Furthermore, the post 40 may include a flange 45, such as an
externally extending annular protrusion, located proximate or
otherwise near the second end 42 of the post 40. The flange 45 may
include an outer tapered surface 47 facing the first end 41 of the
post 40 (i.e. tapers inward toward the first end 41 from a larger
outer diameter proximate or otherwise near the second end 42 to a
smaller outer diameter. The outer tapered surface 47 of the flange
45 may correspond to a tapered surface of the lip 36 of the
coupling element 30. Further still, an embodiment of the post 40
may include a surface feature 49 such as a lip or protrusion that
may engage a portion of a connector body 50 to secure axial
movement of the post 40 relative to the connector body 50. However,
the post may not include such a surface feature 49, and the coaxial
cable connector 100 may rely on press-fitting and friction-fitting
forces and/or other component structures to help retain the post 40
in secure location both axially and rotationally relative to the
connector body 50. The location proximate or otherwise near where
the connector body 50 is secured relative to the post 40 may
include surface features, such as ridges, grooves, protrusions, or
knurling, which may enhance the secure location of the post 40 with
respect to the connector body 50. Additionally, the post 40
includes a mating edge 46, which may be configured to make physical
and electrical contact with a corresponding mating edge 26 of an
interface port 20. The post 40 should be formed such that portions
of a prepared coaxial cable 10 including the dielectric 16 and
center conductor 18 can pass axially into the first end 41 and/or
through a portion of the tube-like body of the post 40. Moreover,
the post 40 should be dimensioned such that the post 40 may be
inserted into an end of the prepared coaxial cable 10, around the
dielectric 16 and under the protective outer jacket 12 and
conductive grounding shield or strand 14. Accordingly, where an
embodiment of the post 40 may be inserted into an end of the
prepared coaxial cable 10 under the drawn back conductive strand
14, substantial physical and/or electrical contact with the strand
layer 14 may be accomplished thereby facilitating grounding through
the post 40. The post 40 may be formed of metals or other
conductive materials that would facilitate a rigidly formed post
body. In addition, the post 40 may be formed of a combination of
both conductive and non-conductive materials. For example, a metal
coating or layer may be applied to a polymer of other
non-conductive material. Manufacture of the post 40 may include
casting, extruding, cutting, turning, drilling, knurling, injection
molding, spraying, blow molding, component overmolding, or other
fabrication methods that may provide efficient production of the
component.
[0030] With continued reference to FIG. 1, and further reference to
FIG. 4, embodiments of connector 100 may include a coupling element
30. The coupling element 30 may be a nut, a threaded nut, port
coupling element, rotatable port coupling element, and the like.

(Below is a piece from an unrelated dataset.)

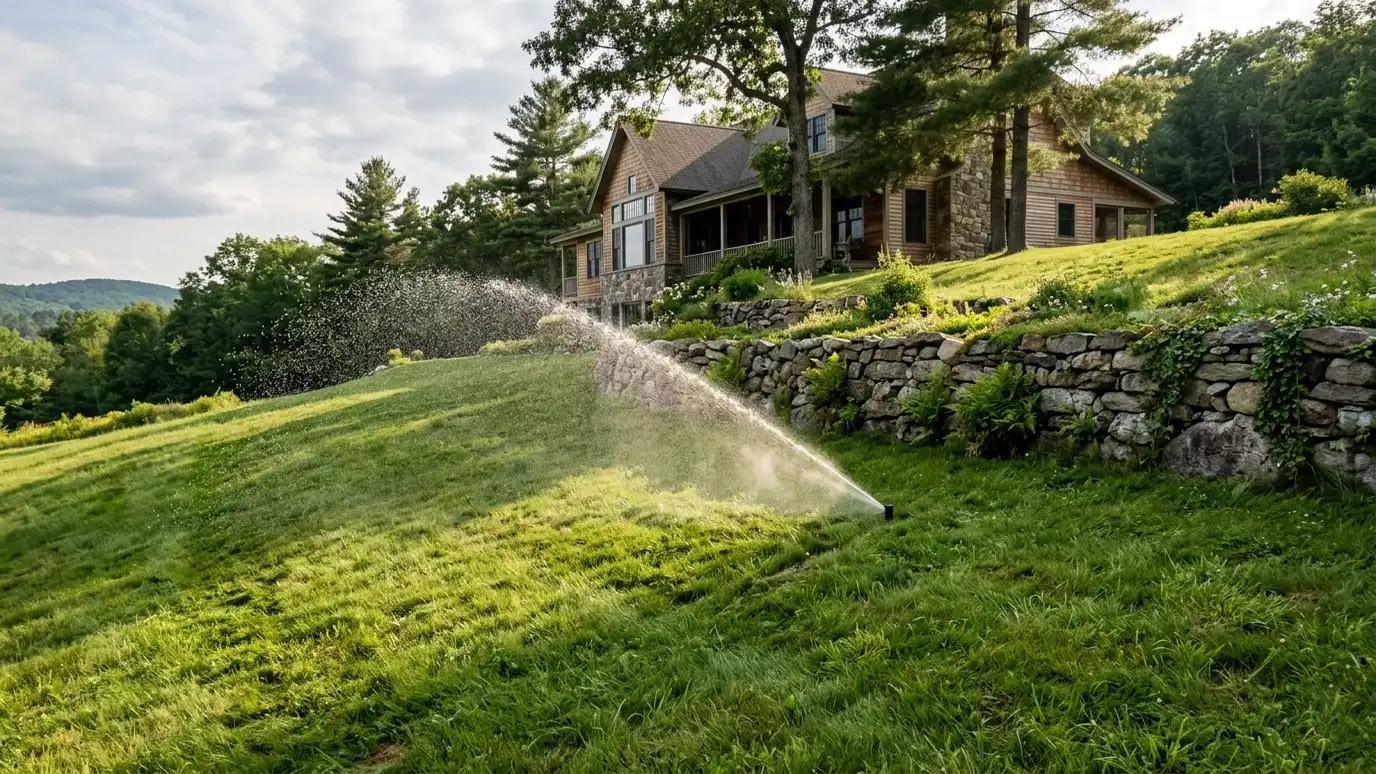 Sprinkler Systems for Sloped and Hilly Yards explained for Nashville and Middle Tennessee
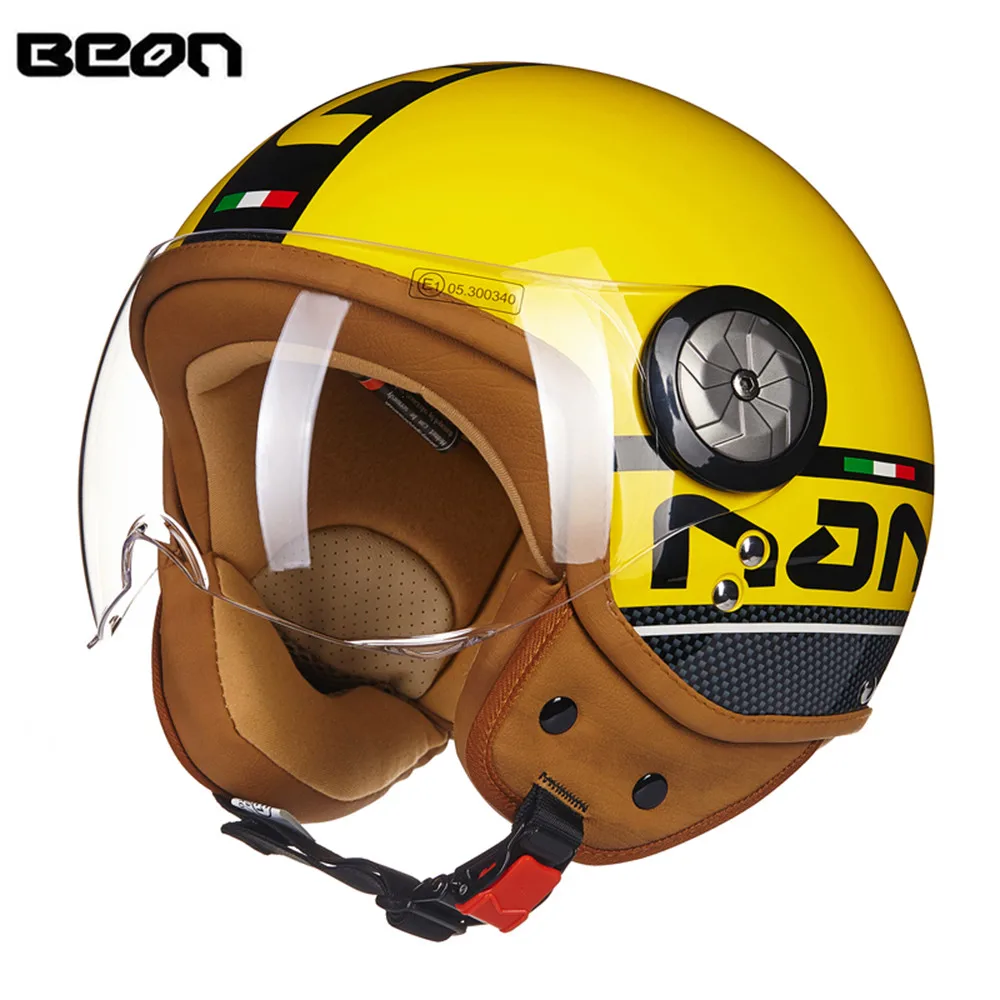 

Brand New ECE Motorcycle Helmet Chopper 3/4 Open Face Vintage Helmet 110A Moto Casque Casco motocicleta Capacete Unisex helmets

The coupling element 30 may include a first end 31, second end 32,
an inner surface 33, and an outer surface 34. The inner surface 33
of the coupling element 30 may be a threaded configuration, the
threads having a pitch and depth corresponding to a threaded port,
such as interface port 20. In other embodiments, the inner surface
33 of the coupling element 30 may not include threads, and may be
axially inserted over an interface port, such as port 20. The
coupling element 30 may be rotatably secured to the post 40 to
allow for rotational movement about the post 40. The coupling
element 30 may comprise an internal lip 36 located proximate the
first end 31 and configured to hinder axial movement of the post
40. Furthermore, the coupling element 30 may comprise a cavity 38
extending axially from the edge of first end 31 and partial defined
and bounded by the internal lip 36. The cavity 38 may also be
partially defined and bounded by an outer internal wall 39. The
coupling element 30 may be formed of conductive materials
facilitating grounding through the coupling element 30, or threaded
nut. Accordingly the coupling element 30 may be configured to
extend an electromagnetic buffer by electrically contacting
conductive surfaces of an interface port 20 when a coaxial cable
connector, such as connector 100, is advanced onto the port 20. In
addition, the coupling element 30 may be formed of non-conductive
material and function only to physically secure and advance a
connector 100 onto an interface port 20. Moreover, the coupling
element 30 may be formed of both conductive and non-conductive
materials. For example the internal lip 36 may be formed of a
polymer, while the remainder of the coupling element 30 may be
comprised of a metal or other conductive material. In addition, the
coupling element 30 may be formed of metals or polymers or other
materials that would facilitate a rigidly formed body. Manufacture
of the coupling element 30 may include casting, extruding, cutting,
turning, tapping, drilling, injection molding, blow molding, or
other fabrication methods that may provide efficient production of
the component. Those in the art should appreciate the various of
embodiments of the nut 30 may also comprise a coupler member, or
coupling element, having no threads, but being dimensioned for
operable connection to a corresponding interface port, such as
interface port 20.
[0031] Referring still to FIG. 1, and additionally to FIG. 5,
embodiments of a coaxial cable connector, such as connector 100,
may include a connector body 50. The connector body 50 may include
a first end 51, a second end 52, an inner surface 53, and an outer
surface 54. Moreover, the connector body may include a post
mounting portion 57 proximate or otherwise near the second end 52
of the body 50; the post mounting portion 57 configured to securely
locate the body 50 relative to a portion of the outer surface 44 of
post 40, so that the connector body 50 is axially secured with
respect to the post 40, in a manner that prevents the two
components from moving with respect to each other in a direction
parallel to the axis of the connector 100. In addition, the
connector body 50 may include an outer annular recess 56 located
proximate or near the second end 52 of the connector body 50.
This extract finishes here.